How Music Can Supercharge Your Gains

Look Beyond the Confines of  Convention For More Muscle Growth

When I ask you to think of your two or three favorite sports supplements, what comes to mind?

Creatine … beta alanine … protein powder, maybe?

When we think of a performance-boosting supplement, typically what comes to mind is something we ingest, like creatine. However, science has shown us that if we bother to look beyond the confines of convention, what we find is a whole other realm of “ergogenic aids,” which don’t come in powders or pills.  Among the most potent of these unconventional performance “supplements,” according to recent research, is music.

The fact that we’re influenced by music should come as no big shocker.

 Those who work out to techno or head-bangin’ rock ’n’ roll have long recognized the intoxicating power of an adrenaline spiking song. But recent studies show that music does more than just get us going or “pump us up.” It may actually alter the body’s physiology, or as Rock ’n’ Roll Hall of Famer Carlos Santana puts it, “rearrange the molecular structure of the listener.”

The most recent of these studies investigating this peculiar phenomenon comes from the Department of Life Sciences at England’s Nottingham Trent University. In this study, published last year in the Journal of Sports Medicine and Physical Fitness, Dr. Attila Szabo and colleagues set out to investigate whether musical tempo and its manipulation during exercise affect maximal workload (measured in watts) achieved during progressive cycling. 

To test this, the researchers recruited 24 male and female college students and had them each cycle in five separate test sessions that included exercising to no music (control); slow music; fast music; slow-to-fast music and finally fast-to-slow music. In the last two conditions, musical tempo was changed when the participant’s heart rate reached 70 percent of maximum.

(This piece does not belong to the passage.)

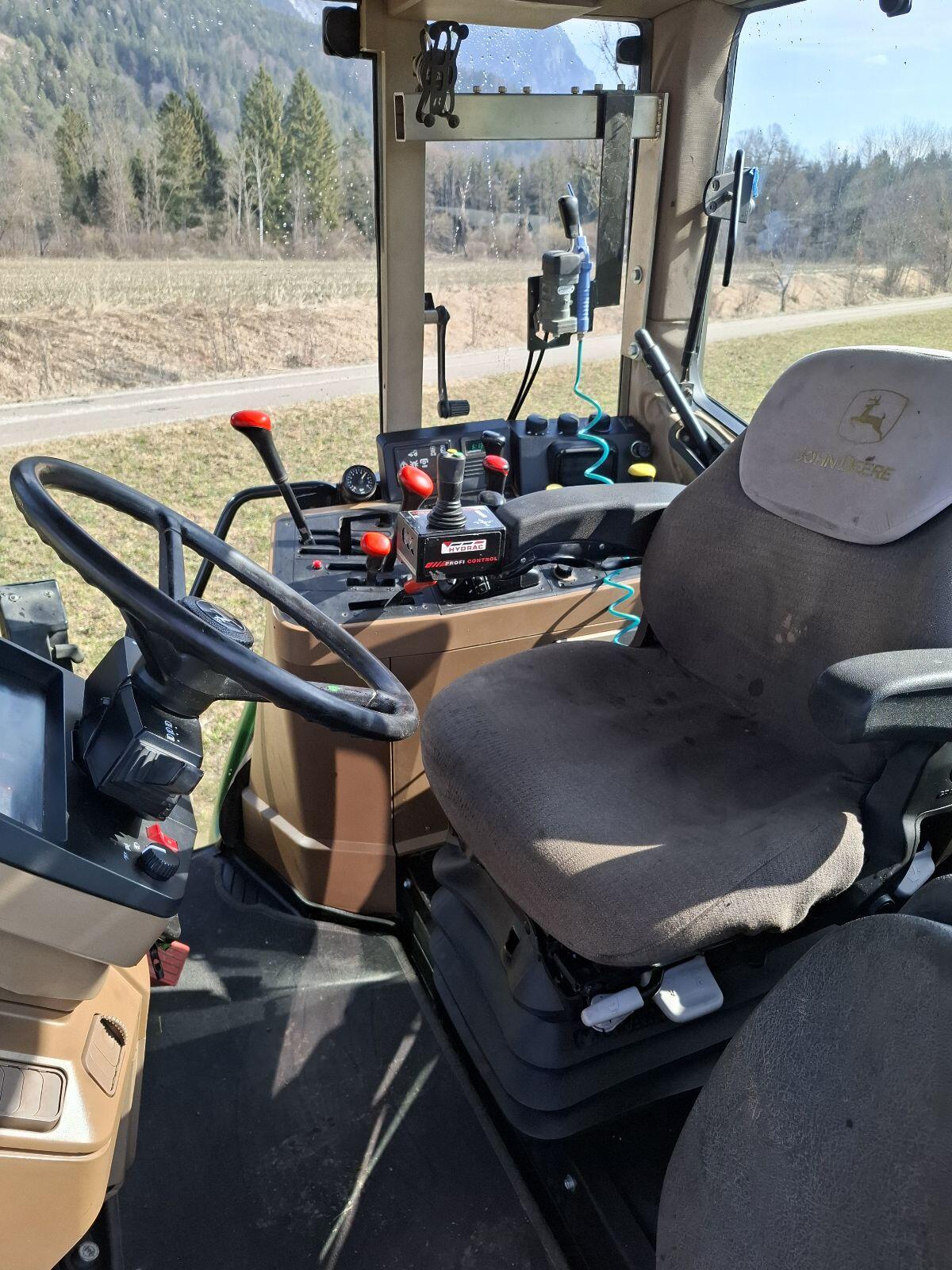 John Deere 6800 3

In all test sessions, the participants started to cycle at 50 watts and then the workload was increased in increments of 25 watts every minute until self-declared exhaustion. Maximal-effort cycling was defined as the workload at the last completed minute of exercise.

 Dr. Szabo's Conclusion:

According to Dr. Szabo, results showed that a significantly higher workload was accomplished when the participants worked out to progressively “faster-paced” music. “The participants preferred the slow-to-fast music sessions more than the other sessions,” says Dr. Szabo. “Switching to slow-to-fast music during progressive exercise results in the accomplishment of more work without proportional changes in heart rate.”

 Whether these effects are due to an actual “rearrangement of the molecular structure” of the exerciser or simply to distraction from fatigue isn’t clear. What is apparent, however, is the powerful effect progressively faster paced music can have on increasing exercise workload. And, when you think about it, that’s all most conventional sports supplements do. Remember, typical supplements like creatine, for instance, have little direct effect on muscle size and strength. Instead, the accrual of strength is a response related to a greater workload and intensity of training that can be achieved.

 Of course, with creatine, or any other supplement for that matter, consistency is the key to achieving a desired result. So, it stands to reason, if done consistently over a period of months, listening to progressively faster-paced, uplifting music during your workouts could very well be associated with an enhanced accrual of not only cardiovascular conditioning (as shown in this study) but perhaps even muscle strength in intense weight-training programs.